### THE DATA
┄┄┄┄┄┄

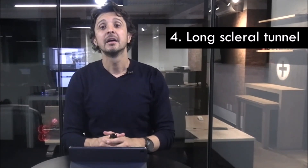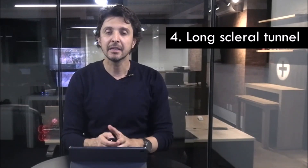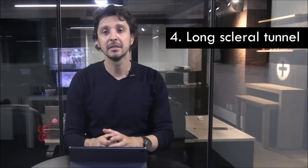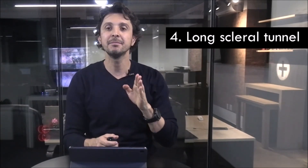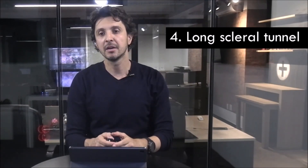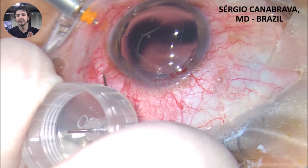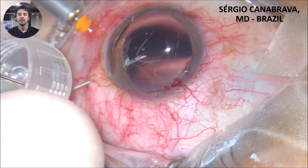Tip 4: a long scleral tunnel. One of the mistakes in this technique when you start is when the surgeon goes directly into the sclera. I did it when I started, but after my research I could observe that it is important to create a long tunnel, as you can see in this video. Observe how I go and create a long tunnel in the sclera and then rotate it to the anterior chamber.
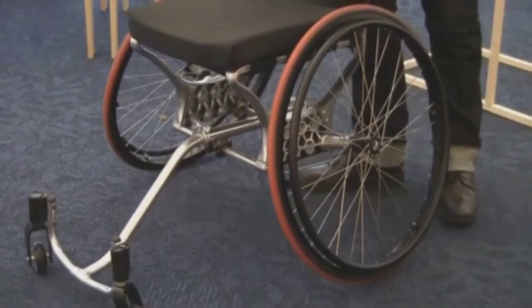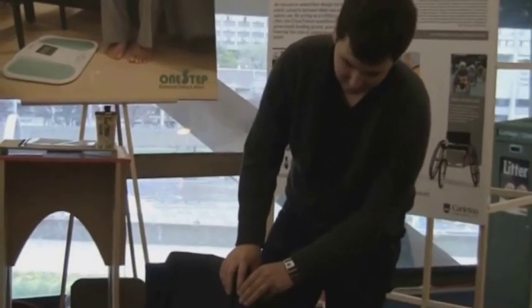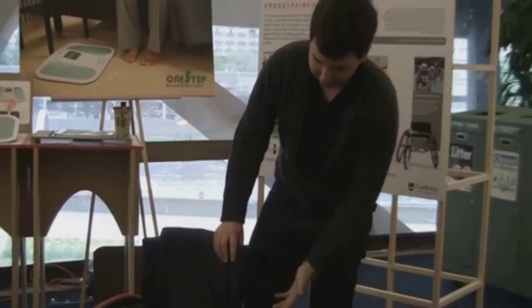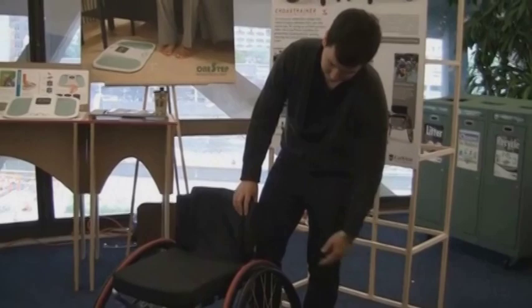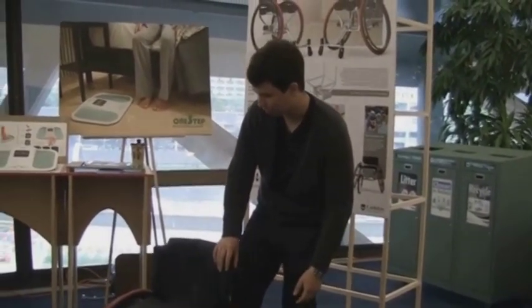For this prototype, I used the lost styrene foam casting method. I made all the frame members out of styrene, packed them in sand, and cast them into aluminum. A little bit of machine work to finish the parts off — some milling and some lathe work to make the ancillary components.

┄┄┄┄┄┄

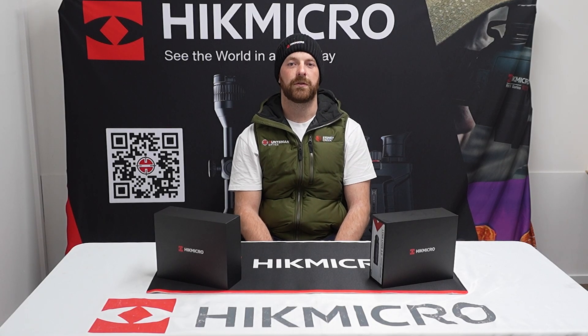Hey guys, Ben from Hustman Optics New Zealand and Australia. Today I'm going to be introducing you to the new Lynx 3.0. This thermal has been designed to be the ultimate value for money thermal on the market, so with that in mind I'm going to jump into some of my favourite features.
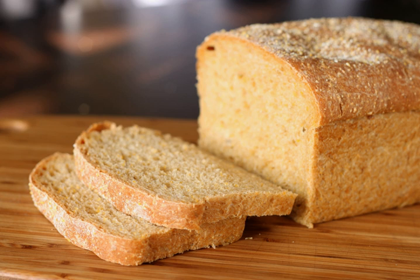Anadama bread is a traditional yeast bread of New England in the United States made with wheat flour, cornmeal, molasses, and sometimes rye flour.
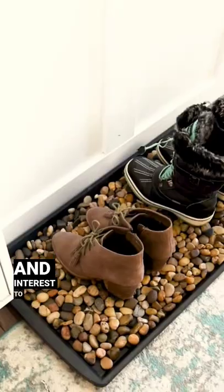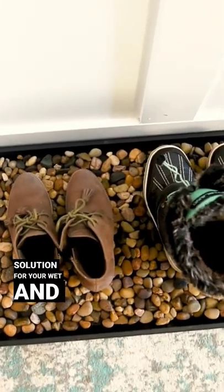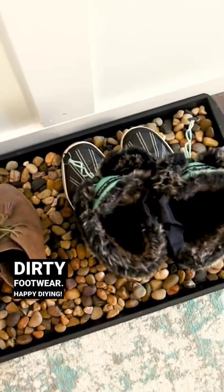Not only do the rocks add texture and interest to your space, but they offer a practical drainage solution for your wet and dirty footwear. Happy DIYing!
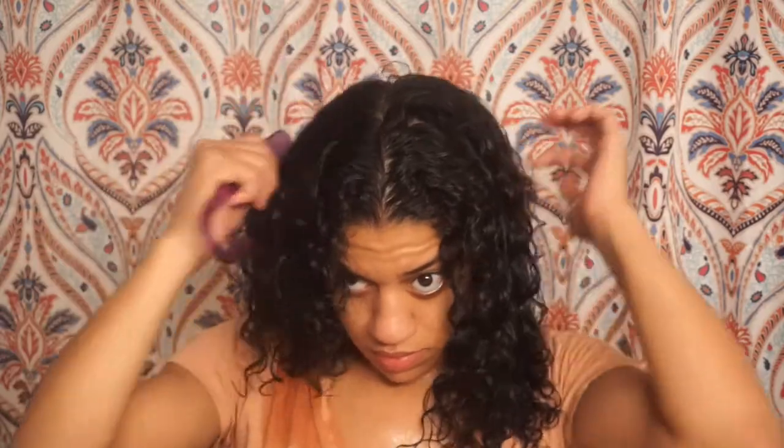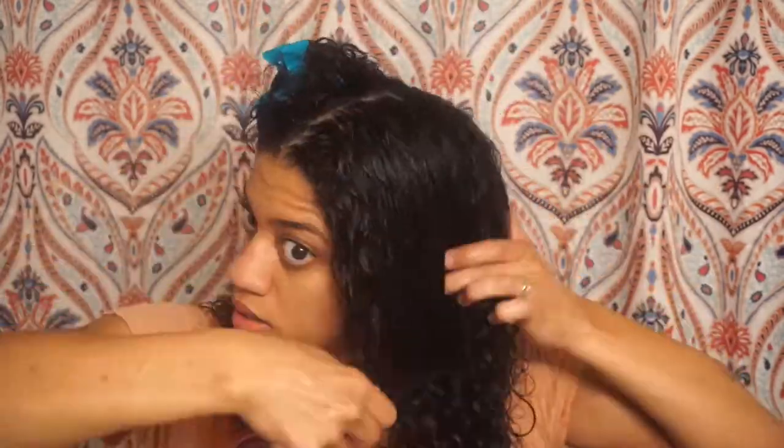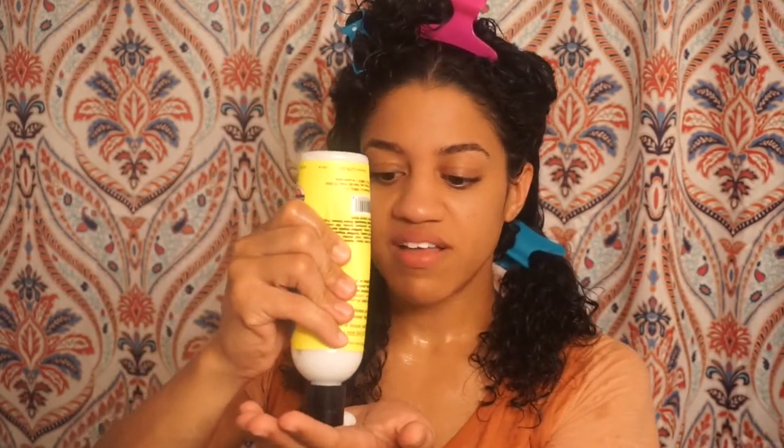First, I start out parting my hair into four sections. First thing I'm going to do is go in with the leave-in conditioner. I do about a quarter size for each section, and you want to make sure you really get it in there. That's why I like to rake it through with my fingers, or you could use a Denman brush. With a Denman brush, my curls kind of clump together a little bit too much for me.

┄┄┄┄┄┄

### WORK TO COMPLETE
The lines above starting at the one that holds "Hey guys, Ben" and ending at the one that holds "Not only do" are to be written out exactly, ends included, and no pictures are to be copied.

### TASK ANSWER
Hey guys, Ben from Hustman Optics New Zealand and Australia. Today I'm going to be introducing you to the new Lynx 3.0. This thermal has been designed to be the ultimate value for money thermal on the market, so with that in mind I'm going to jump into some of my favourite features.
Anadama bread is a traditional yeast bread of New England in the United States made with wheat flour, cornmeal, molasses, and sometimes rye flour.
Not only do the rocks add texture and interest to your space, but they offer a practical drainage solution for your wet and dirty footwear. Happy DIYing!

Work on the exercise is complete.